Daraufhin aber drosselte Russlands Gasvertriebsunternehmen Gazprom die vertraglich festgelegten Mengen auf 50-70 Prozent der Lieferungen. Als Vorwand wurden angebliche Lieferstörungen in der Ukraine genannt. Da Moldau keine eigenen Produktionskapazitäten besitzt, kauften alle moldauischen Regierungen der letzten 30 Jahre 70 Prozent des Strombedarfs vom Stromerzeuger in Ciurugani, der Gas in Strom umwandelt. Das Kraftwerk liegt im separatistischen und mit russischen Truppen besetztem Transnistrien und funktioniert mit dem von Russland an die Moldau geliefertem Gas. Entsprechend kündigte die selbst ernannte separatistische Regierung an, ab dem ersten November nur noch die Hälfte der Strommengen an Moldau liefern zu können. Es wurde sogar damit gedroht, die gesamten Lieferungen auszusetzen. Dies scheint eher unwahrscheinlich, zumal der Mikrostaat überwiegend von den Steuern lebt, die dieses Kraftwerk abwirft und von Moldau bezahlt werden. Sollte Russland den Gashahn ganz zudrehen, würde der Staat de facto fast keine Einnahmen mehr generieren und sich in seiner Existenz bedroht sehen.

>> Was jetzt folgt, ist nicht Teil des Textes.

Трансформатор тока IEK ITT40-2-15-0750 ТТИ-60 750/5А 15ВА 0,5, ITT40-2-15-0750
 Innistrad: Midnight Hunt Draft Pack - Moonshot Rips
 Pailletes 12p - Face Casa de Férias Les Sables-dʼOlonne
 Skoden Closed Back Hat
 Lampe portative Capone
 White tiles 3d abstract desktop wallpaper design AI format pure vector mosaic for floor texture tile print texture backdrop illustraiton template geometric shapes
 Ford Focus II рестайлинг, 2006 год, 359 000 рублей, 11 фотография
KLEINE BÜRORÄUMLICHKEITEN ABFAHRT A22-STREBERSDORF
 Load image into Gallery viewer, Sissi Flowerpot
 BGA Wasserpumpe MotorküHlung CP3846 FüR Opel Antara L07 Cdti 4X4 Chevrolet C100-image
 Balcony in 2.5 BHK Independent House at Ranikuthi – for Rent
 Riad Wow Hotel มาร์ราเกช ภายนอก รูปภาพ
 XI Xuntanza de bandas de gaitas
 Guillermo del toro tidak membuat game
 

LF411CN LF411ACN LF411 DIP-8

Hinzu kommt noch ein weiterer, von Russland ersonnener Kreislauf: Das sich in privater Hand und von lokalen Oligarchen geführte Kraftwerk hat für das von Gazprom gelieferte Gas nie gezahlt. Dafür hat Gazprom über einen Trick die Schuld dem moldauischen Staat zugeschoben. Lokal wird das Gas über den staatlichen Betreiber Moldovagaz transportiert. Gazprom besitzt dabei die Hälfte der Aktien und Transportnetze von Moldovagaz. Die Gesamtschuld dürfte sich indes auf ca. 7 Milliarden Euro belaufen. Damit scheint der aus Transnistrien bezogene Billigstrom auf einmal gar nicht mehr so billig zu sein.

Positive Aussichten

Spätestens mit dieser Krise scheint Moldau das Problem ernsthaft anpacken zu wollen. Maia Sandu sprach in Bukarest in diesem Kontext „vom Kampf Moldaus zur freien Welt zu gehören“. Die Befreiung aus der russischen Energieabhängigkeit scheint nun wesentlicher Teil dieses Kampfes zu sein. Die gemeinsamen Infrastrukturprojekte mit Rumänien stehen nun oben auf der Prioritätenliste der Regierung. Auch Ministerpräsidentin Gavriliță sprach davon, dass die Brücken zu Rumänien reell über Straßen, neue Brücken und über Energieinfrastruktur gebaut werden müssen. Diese Projekte, obwohl seit Jahren durchgeplant, wurden von prorussischen und korrupten Regierungen aus beiden Staaten während der letzten dreißig Jahre eher auf die lange Bank geschoben als umgesetzt. Sollten sie nun endlich im Eilverfahren angeschoben werden, wird es mindestens noch zwei Jahre dauern, bis sie auch konkretisiert werden können. Immerhin: Der politische Wille zu einem echten Aufbruch zwischen Rumänien und Moldau scheint sich erstmals zu festigen. Aber noch fehlt die Umsetzung. Bis dahin aber bangt man in der moldauischen Hauptstadt Chişinău, welche weiteren Pläne zur Unterwanderung des Staatsgefüges Russland wohl noch aushecken wird. Schon heißt es, man bereite sich selbst auf die Situation vor, wenn Russland den Gashahn ganz zudreht.